● TASK REQUIREMENTS:
Would you retype exactly the lines below, starting with the one that has "2025新款泳衣女分体比基尼海边三件套性感纯欲风聚拢防晒罩衫温泉" and going on through the one that has "Halcurt Bikini Damen", with no pictures and nothing else?

● RECORDS TO USE:
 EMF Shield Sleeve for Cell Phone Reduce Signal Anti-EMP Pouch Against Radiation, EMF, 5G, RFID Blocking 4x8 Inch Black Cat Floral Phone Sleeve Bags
==
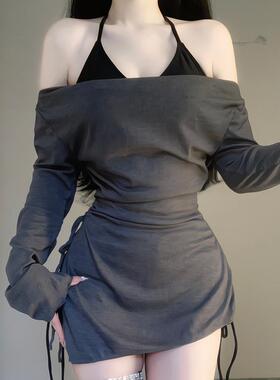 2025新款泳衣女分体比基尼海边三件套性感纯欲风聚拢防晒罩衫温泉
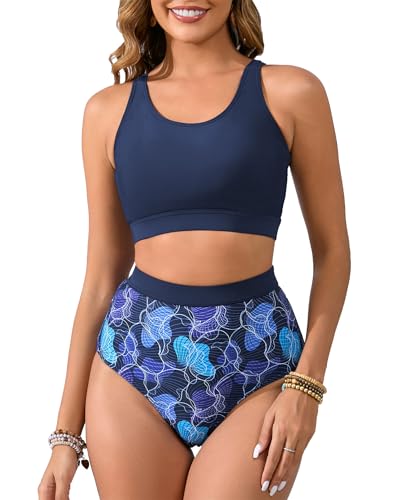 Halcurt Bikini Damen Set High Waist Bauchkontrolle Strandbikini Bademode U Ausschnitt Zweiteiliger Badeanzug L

● FINISHED EXERCISE:
 2025新款泳衣女分体比基尼海边三件套性感纯欲风聚拢防晒罩衫温泉
 Halcurt Bikini Damen Set High Waist Bauchkontrolle Strandbikini Bademode U Ausschnitt Zweiteiliger Badeanzug L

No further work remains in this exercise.